Die automatische Notruffunktion in Fahrzeugen wird allen Bedenken der Datenschützer zum Trotz bald zwingend vorgeschrieben. Damit möglichst wenig Fehlalarme vorkommen, benötigt ein solches System äußerst präzise Messdaten.

Automobilzulieferer arbeiten an Systemen, die bei einem Zusammenstoß oder einem Problem am Fahrzeug automatisch einen Notruf auslösen. Die Anwendung kann dem Notdienst potenziell lebensrettende Detailinformationen geben, beispielsweise über den Standort des Fahrzeugs sowie die geschätzte Schwere des Problems oder Unfalls. Beispiele für solche Dienste sind Onstar (USA), eCall (Europa) und ERA Glonass (Russland).

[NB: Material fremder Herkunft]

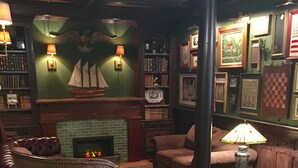 A cozy room with a fireplace, a bookshelf, and a comfortable seating area with a lamp. - Bristol Suites (Bristol)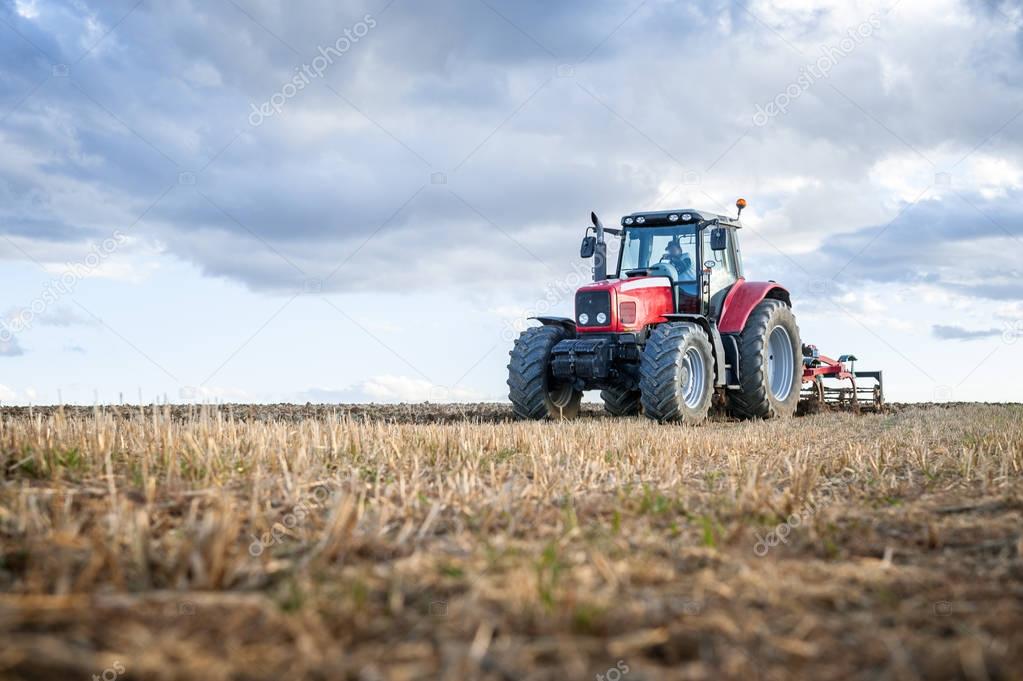 agricultural tractor in the foreground with blue sky background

Der 3-Achsen-Beschleunigungssensor »AIS3624DQ« von STMicroelectronics mit digitalem Ausgang bietet einen Messbereich von ±24 g und erfüllt gleichzeitig die strengen Zuverlässigkeitskriterien der Automobilindustrie nach der Norm AEC-Q100. Zu den wichtigsten Parametern, an denen die Schwere einer Kollision abgeschätzt werden kann, gehören die Verzögerungen, die im Moment des Zusammenstoßes in allen drei Raumrichtungen auftreten. So schreibt die ERA-Glonass-Spezifikation für den russischen Markt vor, dass longitudinale Beschleunigungen bis zu ±24 g mit hinreichender Genauigkeit gemessen werden können.

Das Bauelement bietet zwei digitale Ausgangsleitungen (Interrupt-Generatoren) und einstellbare Messbereiche von ±6 g, ±12 g und ±24 g. Es stehen neun vom Anwender wählbare Ausgangsdatenraten zur Verfügung. Der 16-Bit-Datenausgang unterstützt die Protokolle SPI und I²C. Der Sensor verfügt über verschiedenen Betriebsarten sowie einen eingebauten Selbsttest. Er ist bis 10 000 g stoßbeständig und arbeitet im Temperaturbereich von -40 °C bis +105 °C. Derzeit sind Entwicklungsmuster im QFN-24L-Gehäuse (4 mm x 4 mm x 1,8 mm) verfügbar. Der Beginn der Massenproduktion ist für das vierte Quartal 2014 vorgesehen.